The majority of the components in an industrial-scale electrolysis facility are standardized industrial parts, leaving little room for significant cost reductions aside from the electrolyzer itself. Consequently, we shouldn’t expect electrolysis plant costs to drop dramatically over time.

On the flip side, we have a reliable source of firmed electricity: the grid. Connecting large demand sources to the grid is more cost-effective than constructing remote wind or solar farms. However, using grid electricity incurs utility administration costs, raising operational expenses.

In conclusion, my perspective is that most hydrogen production facilities should ideally be located at existing demand points, particularly ammonia production facilities, and powered by grid electricity. While consolidating massive electrolysis plants at new demand centers may make sense in some cases, the scale of current proposals driven by hype and unrealistic demand forecasts is largely misguided.

White Hydrogen: A Misguided Hope

The recent excitement over white hydrogen—natural deposits of gaseous hydrogen—has drawn attention but remains largely unfounded. Claims of unlimited hydrogen reserves are prevalent, particularly following a notable announcement from France’s Lorraine region, which estimated a deposit of 46 million tons of hydrogen. While impressive, this amount only meets about 40% of the annual global hydrogen demand of 120 million tons.

Moreover, the discoverability of these deposits raises several questions. For instance, one site in Spain has approximately 1.2 million tons of hydrogen, which is less than 1% of yearly demand and is mixed with other gases. Extraction methods, costs, and potential environmental impacts remain largely unclear, making it difficult to assess the viability of these resources.

The French site’s hydrogen is trapped in an underground aquifer, with concentrations varying significantly with depth. The extraction process’s costs, potential gas leaks, and other unanswered questions complicate the narrative further.

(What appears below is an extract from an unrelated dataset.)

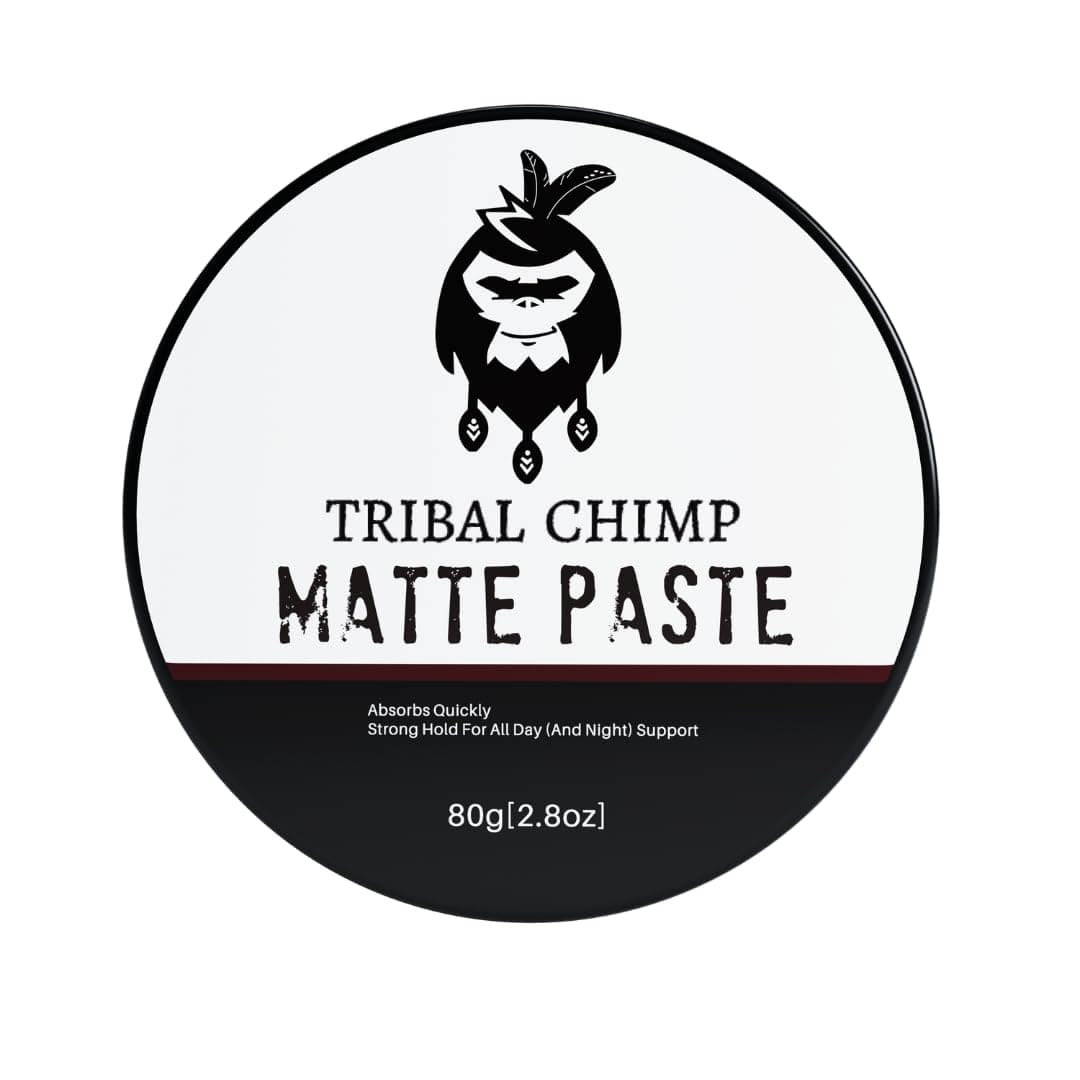 Tribal Chimp Matte Hair Styling Paste for Men – Medium to Strong Hold, Matte Finish, Easy to Apply & Wash Out – Styling Paste for All Hair Types, Texture & Volume Boost – 80g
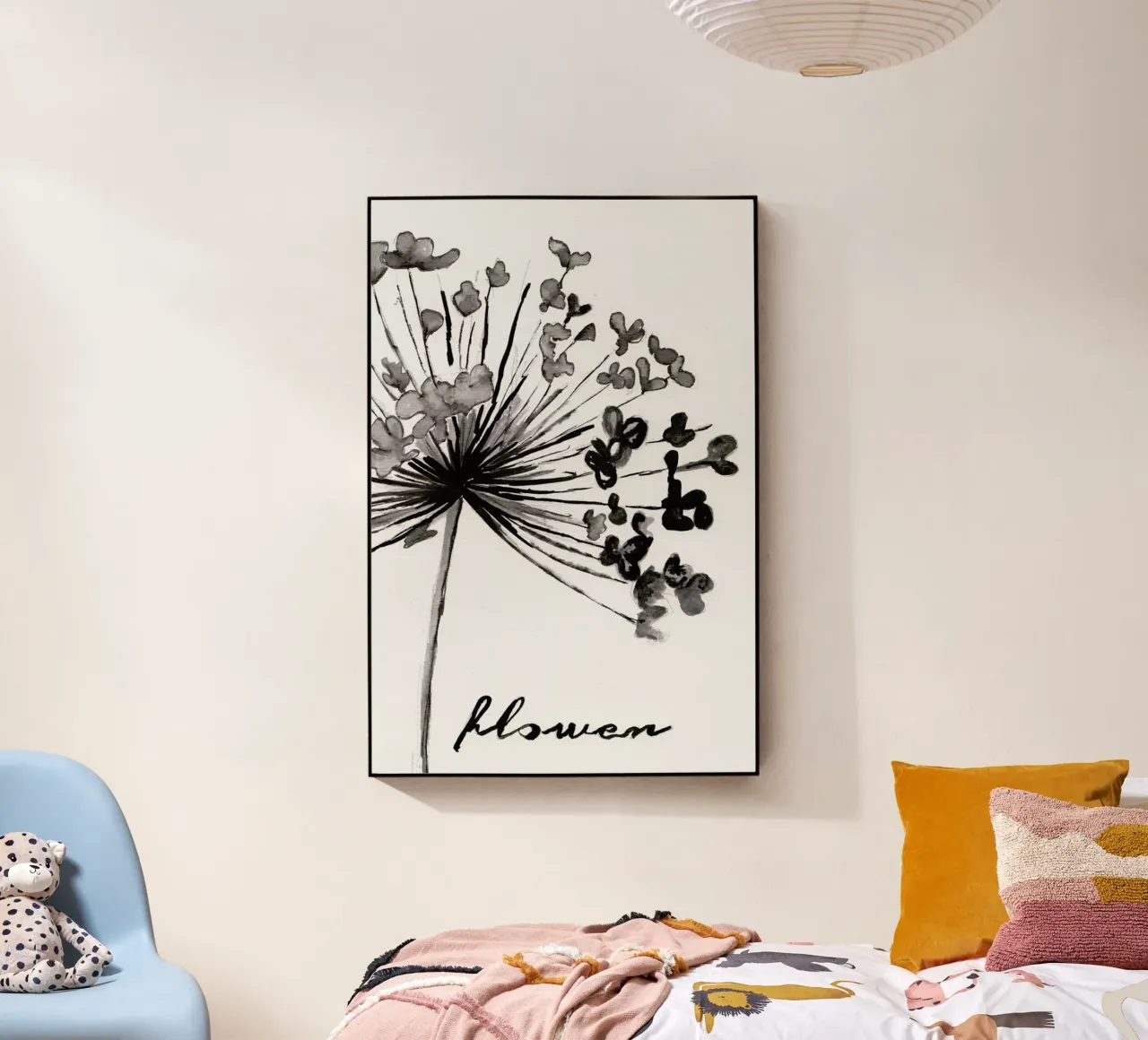 Flower acryl van Nathys_illustration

In summary, while some hydrogen resources exist underground, they are often not close to demand centers, and we lack clarity on extraction costs. While there’s potential for decarbonization in some hydrogen usage, the notion that white hydrogen can significantly support a hydrogen economy is overly optimistic.

Ultimately, the Lorraine find merits exploration, especially considering its potential revenue against the backdrop of $1–3 per kilogram black hydrogen from natural gas. However, it is crucial not to divert hydrogen resources toward transportation or heating without careful consideration.